La esencia imborrable de las fiestas populares
Las fiestas populares de los barrios de Gràcia y Sants han cambiado de la misma manera que Barcelona. En una ciudad cada vez más vinculada al turismo y más gentrificada, el auge de los visitantes también ha tenido un impacto en sus fiestas mayores. Y así también se ha confirmado estos días en las calles de Gràcia, donde miles de extranjeros, sobre todo gente joven -algunos que están en la ciudad llevando a cabo los programas de Erasmus-, se han mezclado entre los vecinos para disfrutar de la celebración: «Cada vez nos habla más gente en inglés», admitían dos chicos que servían bebidas en una de las barras habilitadas para las fiestas.
«La gente puede parecer turista, pero muchas veces son extranjeros que ya viven en el barrio», añade Josep Maria Contel, que lamenta el «mantra» contra la «turistificación» que se ha cultivado en el barrio. Así y todo, de momento la esencia continúa bien viva, tal como recordó la pregonera de este año de las fiestas graciencas, la historiadora Maria Garganté, desde el balcón del Ayuntamiento. En Sants la situación es idéntica: «Es un patrimonio que beneficia a todos, es lo que tenemos y es lo que debemos conservar», defiende Amadeu Cervera, de la calle de Vallespir. En esta línea, el historiador gracienc también apunta que, teniendo en cuenta el elevado volumen de personas que se concentran en el barrio durante la semana de fiestas, los mismos organizadores también podrían aportar una nueva mirada a las fiestas, pero conservando la esencia y la tradición popular: «Todavía no hemos sido capaces de aceptar todos los cambios que hemos vivido», enfatiza.

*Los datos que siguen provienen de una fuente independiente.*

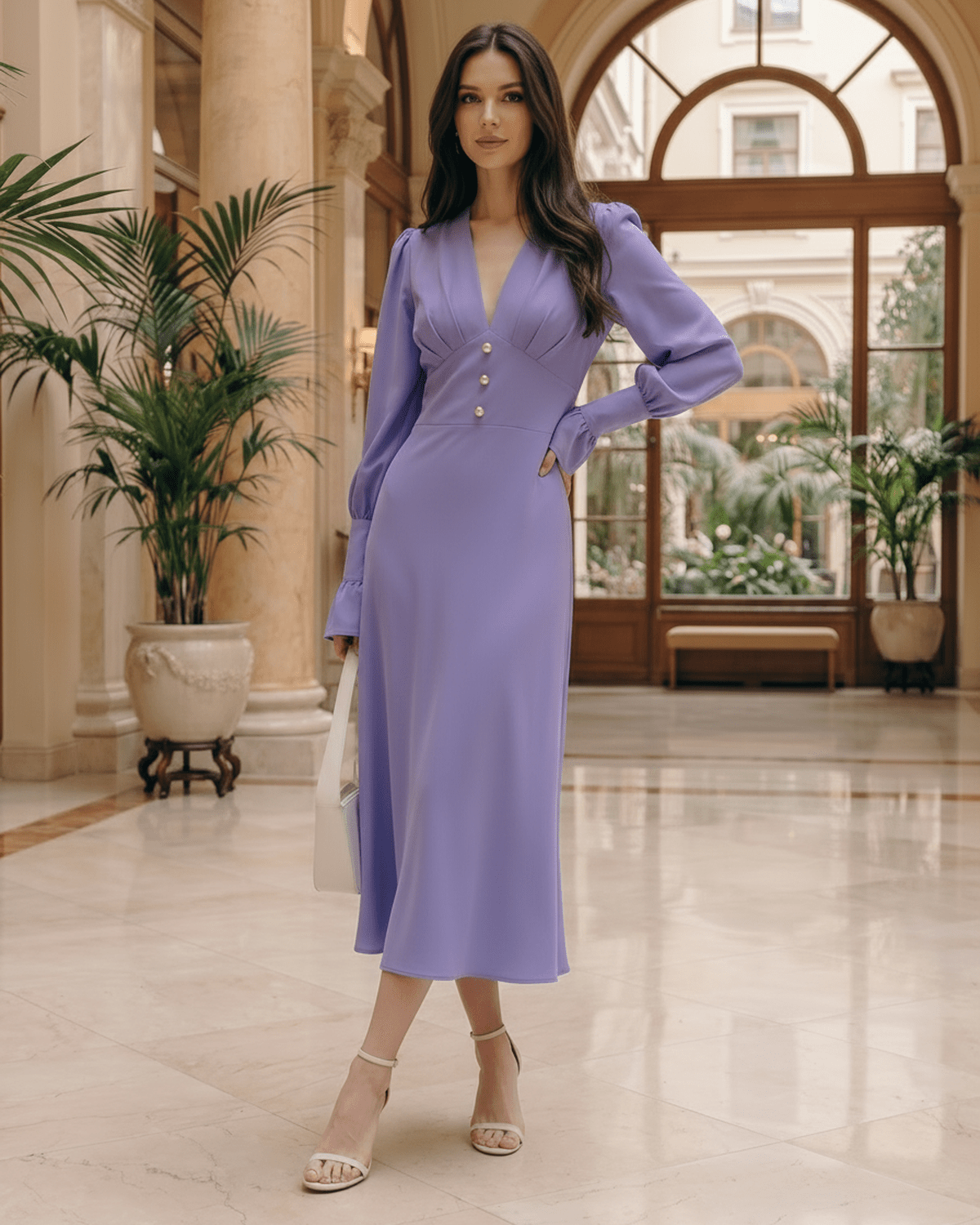 Elegant Selene Midi Dress by Lauven, featuring a V-neck, lantern sleeves, and a charming flow for modern occasions.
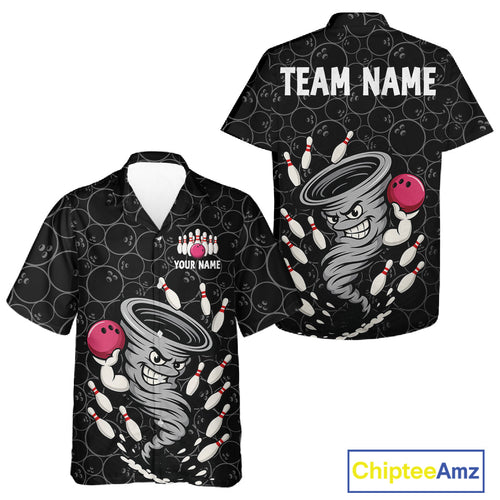 Funny storm tornado Black Camo Bowling Hawaiian Shirts Custom Bowling Team Button up shirt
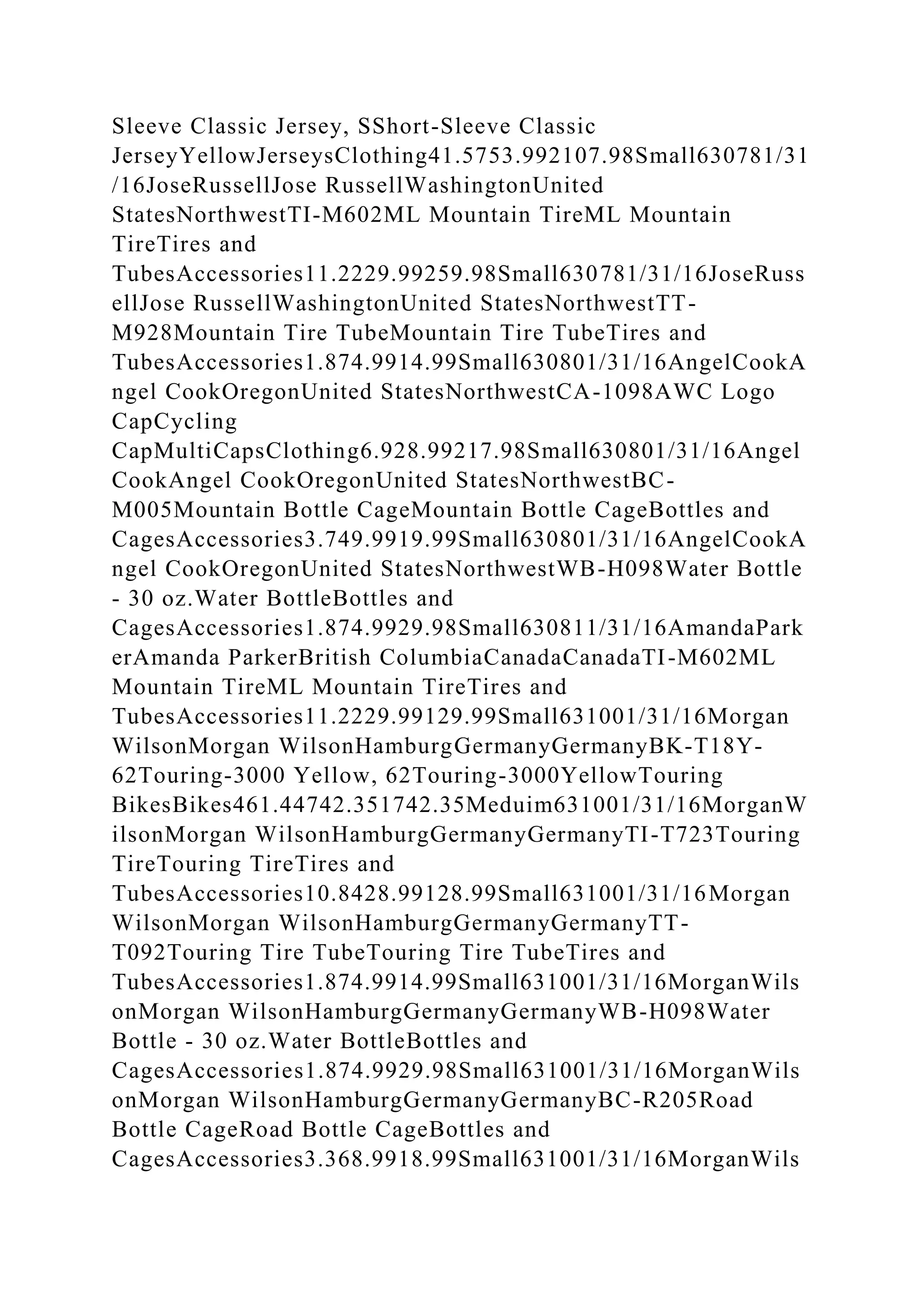 Sleeve Classic Jersey, SShort-Sleeve Classic
JerseyYellowJerseysClothing41.5753.992107.98Small630781/31
/16JoseRussellJose RussellWashingtonUnited
StatesNorthwestTI-M602ML Mountain TireML Mountain
TireTires and
TubesAccessories11.2229.99259.98Small630781/31/16JoseRuss
ellJose RussellWashingtonUnited StatesNorthwestTT-
M928Mountain Tire TubeMountain Tire TubeTires and
TubesAccessories1.874.9914.99Small630801/31/16AngelCookA
ngel CookOregonUnited StatesNorthwestCA-1098AWC Logo
CapCycling
CapMultiCapsClothing6.928.99217.98Small630801/31/16Angel
CookAngel CookOregonUnited StatesNorthwestBC-
M005Mountain Bottle CageMountain Bottle CageBottles and
CagesAccessories3.749.9919.99Small630801/31/16AngelCookA
ngel CookOregonUnited StatesNorthwestWB-H098Water Bottle
- 30 oz.Water BottleBottles and
CagesAccessories1.874.9929.98Small630811/31/16AmandaPark
erAmanda ParkerBritish ColumbiaCanadaCanadaTI-M602ML
Mountain TireML Mountain TireTires and
TubesAccessories11.2229.99129.99Small631001/31/16Morgan
WilsonMorgan WilsonHamburgGermanyGermanyBK-T18Y-
62Touring-3000 Yellow, 62Touring-3000YellowTouring
BikesBikes461.44742.351742.35Meduim631001/31/16MorganW
ilsonMorgan WilsonHamburgGermanyGermanyTI-T723Touring
TireTouring TireTires and
TubesAccessories10.8428.99128.99Small631001/31/16Morgan
WilsonMorgan WilsonHamburgGermanyGermanyTT-
T092Touring Tire TubeTouring Tire TubeTires and
TubesAccessories1.874.9914.99Small631001/31/16MorganWils
onMorgan WilsonHamburgGermanyGermanyWB-H098Water
Bottle - 30 oz.Water BottleBottles and
CagesAccessories1.874.9929.98Small631001/31/16MorganWils
onMorgan WilsonHamburgGermanyGermanyBC-R205Road
Bottle CageRoad Bottle CageBottles and
CagesAccessories3.368.9918.99Small631001/31/16MorganWils
 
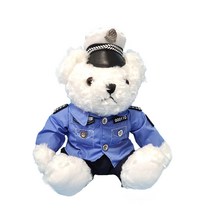 승무원인형 대한항공인형 애착인형 기장 경찰인형, 5.30cm - 白色警察熊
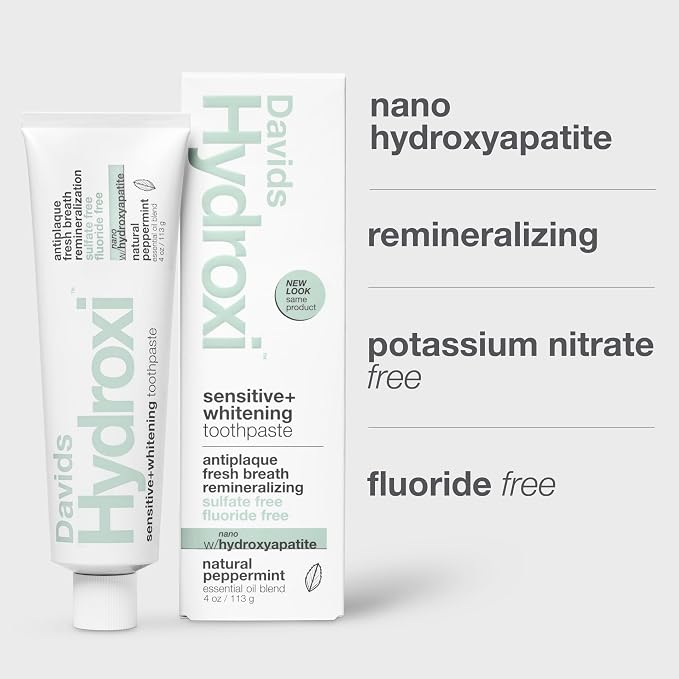 Davids Nano Hydroxyapatite Toothpaste Sensitive + Whitening Peppermint 4oz | Fluoride Free | Remineralizing | Enamel Health | Antiplaque | SLS Free | Made in USA | Recyclable Metal Tube | EWG Verified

Tanto Gràcia como Sants enfrentan el reto de mantener viva su fiesta mayor tal como la conocemos en unos barrios cambiantes. La consigna, sin embargo, es clara: se necesitan vecinos para que la tradición sobreviva. Así se podía leer en uno de los adornos de la calle de Ciudad Real, que han centrado el decorado en un clamor contra la gentrificación: «Cuando ya no haya nadie en el barrio, ¿quién hará los adornos?», pregunta uno de los carteles colgados en esta vía gracienca. De momento la fiesta sigue viva, pero bajo la sombra de los expats que amenaza la supervivencia o, al menos, la esencia.